Freshly Riffed 42: So Long, And Thanks For All The References

22 Jul

Welcome back to Freshly Riffed, the only web series that’s breaking both kneecaps AND funky fresh dance moves!

According to Professor Sex, the world’s leading expert on all things with nipples, Freshly Riffed is where I make fun of the titles of Freshly Pressed blog posts. Also, wait, that has nothing to do with sex! What the hell, Professor?!

Each title will be linked to the original author, and remember; All mockery is for mockery’s sake only.

Ahem.

Why Nothing Is Done About Climate Change

… Because Al Gore didn’t use a big enough screen?

BIGGER, DAMN YOU!

Stuck In The Twitter Funhouse

Yeah, this used to be a funhouse, but now it’s full of evil clowns!

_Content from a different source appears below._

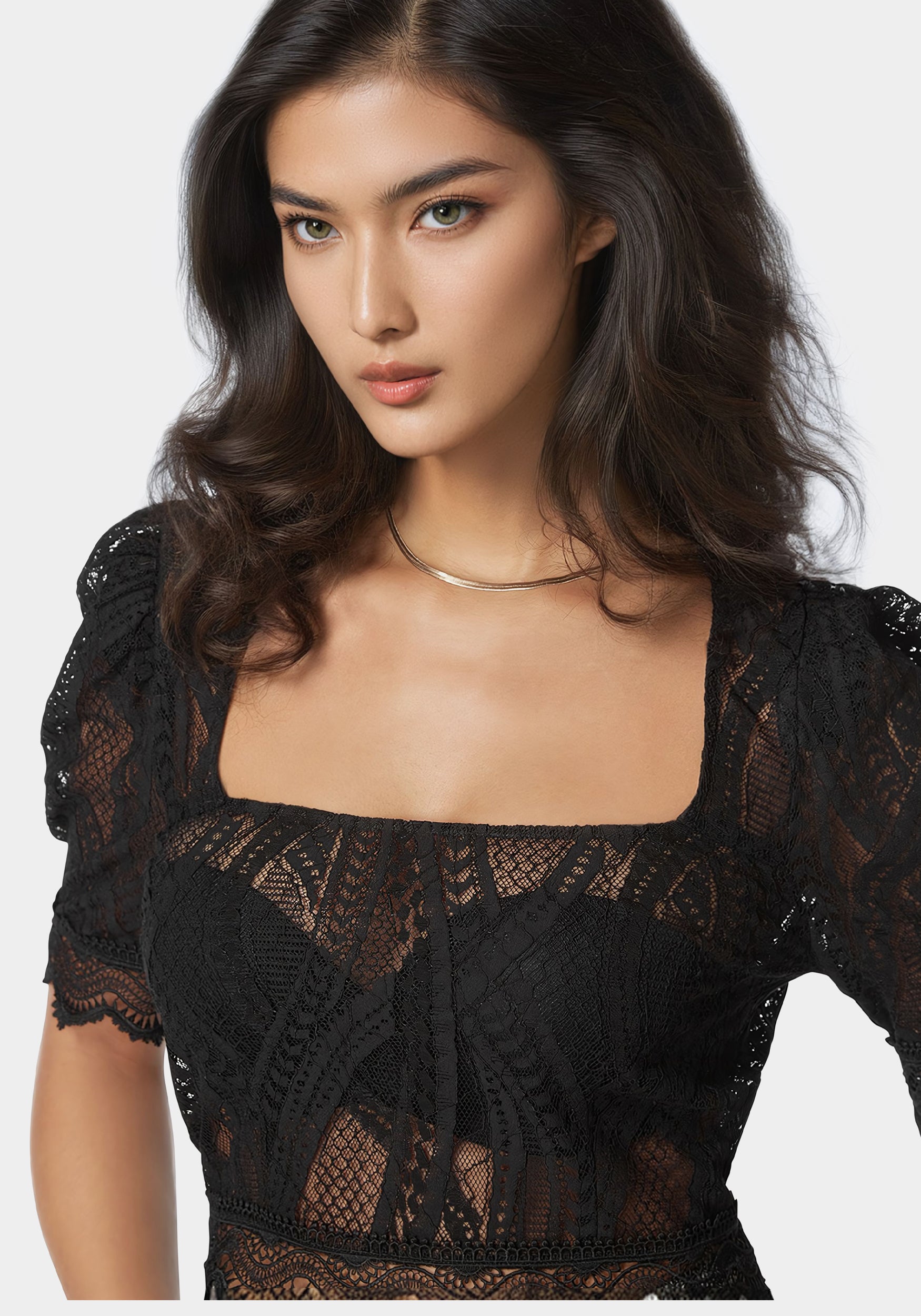 Scallop Hem Lace Trapeze Neck Top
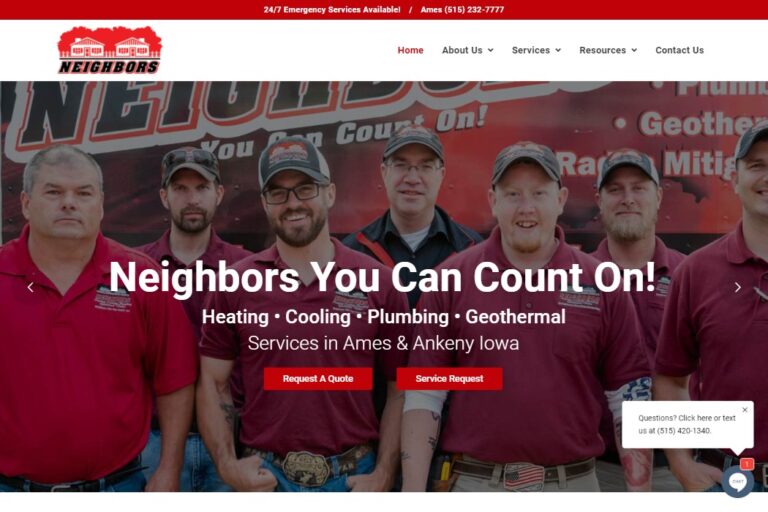 Screenshot of Neighbors website design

Always A Mistress, Never A Mrs.

Wait, there’s a difference?

Open Letter To My Son On His First Birthday

I will pay ten dollars, no questions, to the man who can explain the difference between an open letter and a normal one.

Make Up Your Mind

Ooh, I have mascara for that!

BUH DUM TSH.

NO I DON’T ACTUALLY HAVE MASCARA.

So, Just What Are We Dealing With Here?

Dolomite, baby!

David Bowie Is…

… Perplexingly gendered?

Did You Get My Email? (And Other Virtual Concerns) 

And by “other virtual concerns”, you mean porn, right?

Yes, You Have To Choose. But Can’t You Choose Everything?

… You don’t know what “choose” means, do you.

Tonight, We Are Young.

But tomorrow, we’re old as fuck.

And yesterday, we were sperm.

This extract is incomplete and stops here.